Il Consiglio di presidenza vota no alla costituzione di parte civile contro Berlusconi. Ma l'ex pm ribalta tutto, il ruolo del Colle

Grasso e Napolitano calpestano il Senato

Pietro Grasso vuol decidere da solo. E decide che il Senato si costituirà parte civile nel processo contro Silvio Berlusconi, per la presunta compravendita di senatori. Lo fa, contro il parere del Consiglio di presidenza cui lui stesso ha chiesto di esprimersi e che ha detto no, con 10 contro 8. Con una scelta clamorosa il presidente del Senato non si uniforma all'indicazione della maggioranza composta da Fi, Gal, Ncd, Lega, con i voti risolutivi di Antonio De Poli (ex Udc oggi Per l'Italia) e Linda Lanzillotta(Sc), ma si allinea con Pd, Sel, M5S e Autonomie. Grasso spiega che l'«ineludibile dovere morale di partecipazione all'accertamento della verità» è legato al fatto che sia il pm che il giudice hanno indicato Palazzo Madama come «“persona offesa” di fatti asseritamente avvenuti all'interno del Senato, e comunque relativi alla dignità dell'istituzione». Così, l'avvocatura dello Stato rappresenterà Palazzo Madama nel processo che inizierà l'11 febbraio.

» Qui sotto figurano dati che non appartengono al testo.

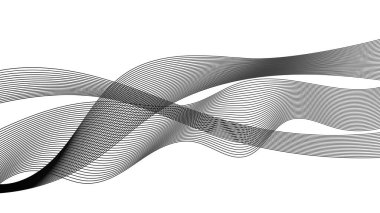 Beyaz zemin üzerinde monokrom dalga gradyan çizgileri olan soyut arkaplan. Modern teknoloji arka planı, dalga tasarımı. Vektör illüstrasyonu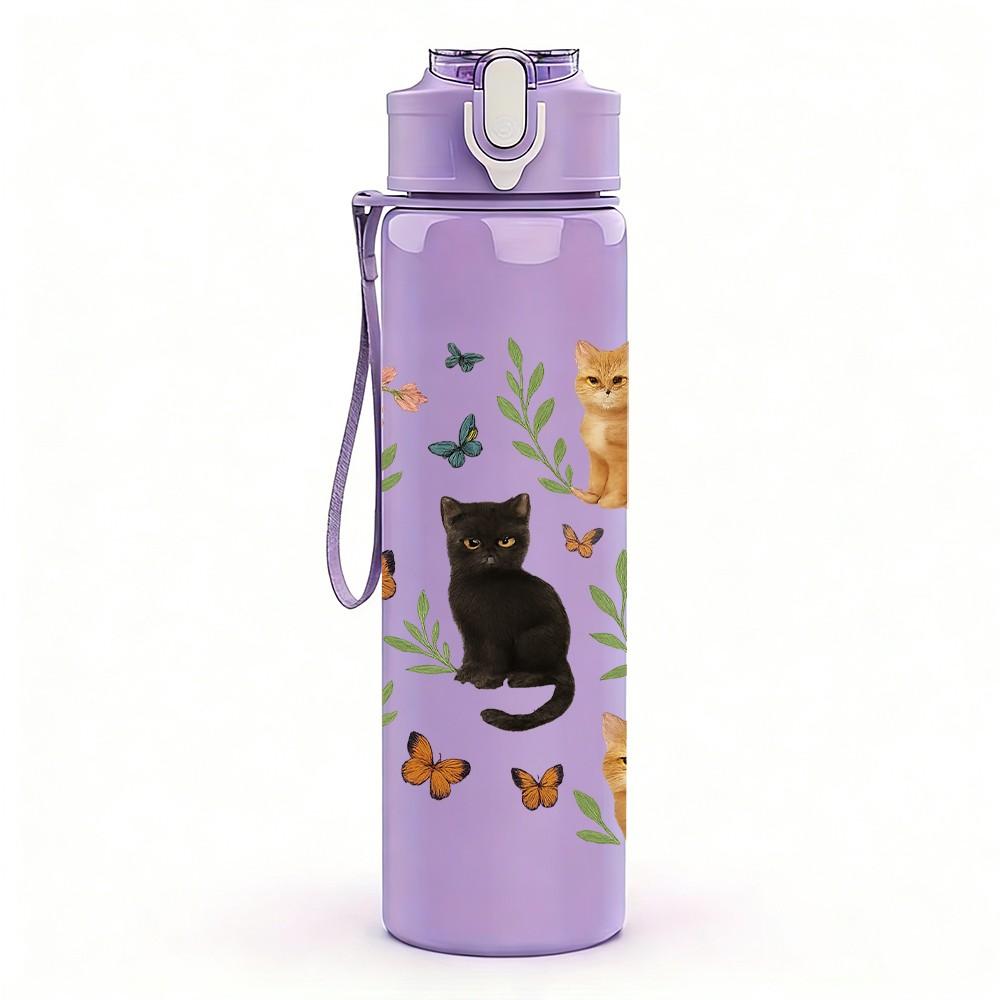1PC Mixed Breed Cats Floral Grid 750ml Color Plastic Sports Water Bottle Leakproof Flip Straw Lid For Sports Office Home Use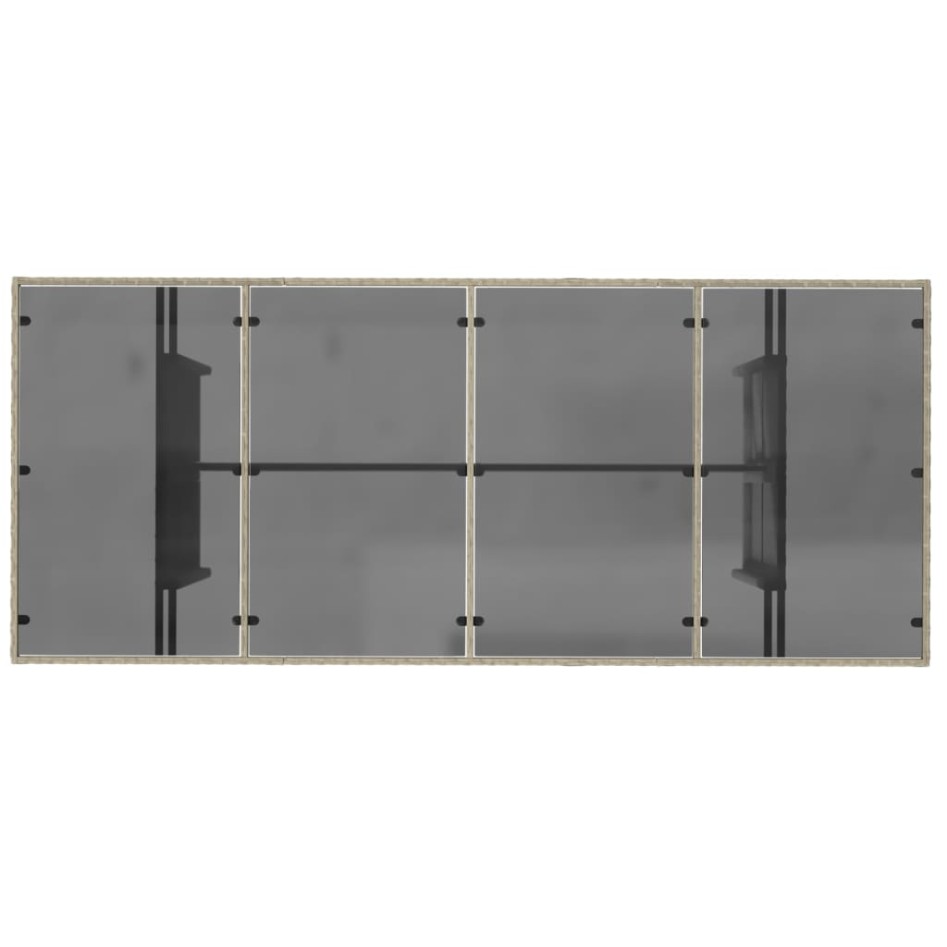 Mesa jardín superficie vidrio ratán PE gris claro 190x80x74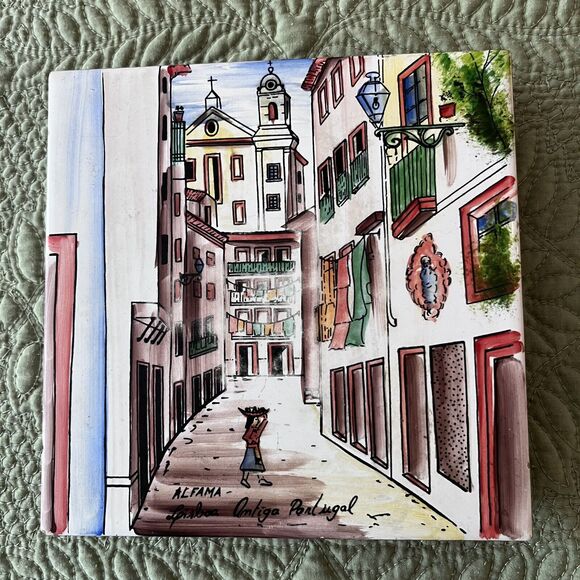 Vintage Match Holders 2 Ceramic Porcelain Hand Painted Tile Tops - Picture 2 of 16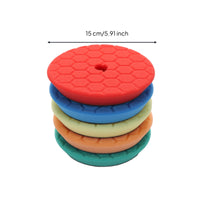 5 Pieces High Quality Polishing Sponge Pads Premium Polishing Pads with Center Hole Bendable Buffing Pad Mixed Size for Detailers, Paint Correction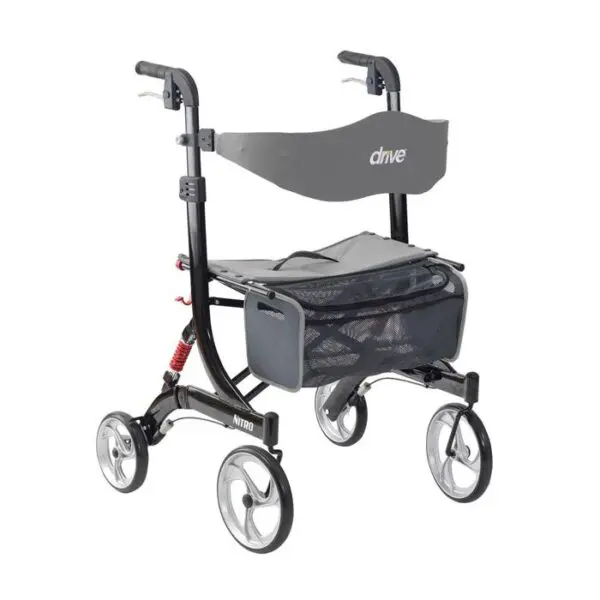 The Nitro Rollators is a black and grey four-wheeled rollator walker with a seat, backrest, storage pouch, and hand brakes.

Quando c'è di mezzo il Cavaliere tutto diventa eccezionale, in politica e in giustizia. Questa è la prima volta nella storia italiana che il Senato entra come soggetto danneggiato dal reato eventualmente commesso da un suo membro (ora, ex) in un processo. Una decisione soprattutto simbolica, che non ha precedenti. Per qualcuno, concordata con il Quirinale. Grasso fa sapere che ha voluto ascoltare tutti ma l'orientamento del vertice del Senato non era vincolante, né si trattava di voti e che lui ha deciso sulle carte. In più, si precisa a Palazzo Madama, quegli 8 «sì» della riunione proiettati nelle forze politiche rappresentano la maggioranza dell'aula. Che il presidente rivendicasse autonomia si era capito quando ha chiuso la riunione con una frase significativa: «Valuterò la decisione da prendere...». «... Sulla base dei numeri», è intervenuto un senatore di centrodestra. E lui: «... E delle argomentazioni».

Per tutto il pomeriggio sono arrivati gli animati appelli dai fronti avversi. Grasso dev'essere super partes, dice Fi. No deve dare un segnale contro la corruzione, replicavano Dem e M5S. I grillini sembravano pronti a riservargli il trattamento-Boldrini. E s'infuriava il leader Idv Antonio Di Pietro, ricordando che il suo partito al processo è già parte civile, visto che riguarda il cambio di casacca di Sergio De Gregorio. Tutto sembrava bloccato, anche perché Palazzo Madama aveva tempo fino al 24 giugno. E le carte, arrivate il 5 novembre, erano rimaste nel cassetto finora. In serata, invece, la notizia e le polemiche. L'accolgono con un applauso i senatori Dem: «Ora anche il Pd si costituisca parte civile. È un dovere civico», dice il responsabile giustizia Danilo Leva. Forza Italia invece accusa. «L'asse Napolitano-Grasso - dichiara Daniela Santanchè - fa molto male al Paese. Napolitano che dice il governo non si tocca scavalcando le sue prerogative, Grasso che decide per la prima volta di costituirsi parte civile contro Berlusconi, tutti e due non ci stanno e non sanno più cosa fare per evitare di nuovo che Berlusconi sia protagonista della scena politica e del cambiamento del Paese». Per il vicepresidente del Senato Maurizio Gasparri «la decisione di Grasso è un gravissimo vulnus».

«Quando si scelse il voto palese per la decadenza di Berlusconi - ricorda Lucio Malan - si prese come pretesto il parere, consultivo, della Giunta per il regolamento: 7 a 6. Ora s'ignora una chiara maggioranza di 10 a 8».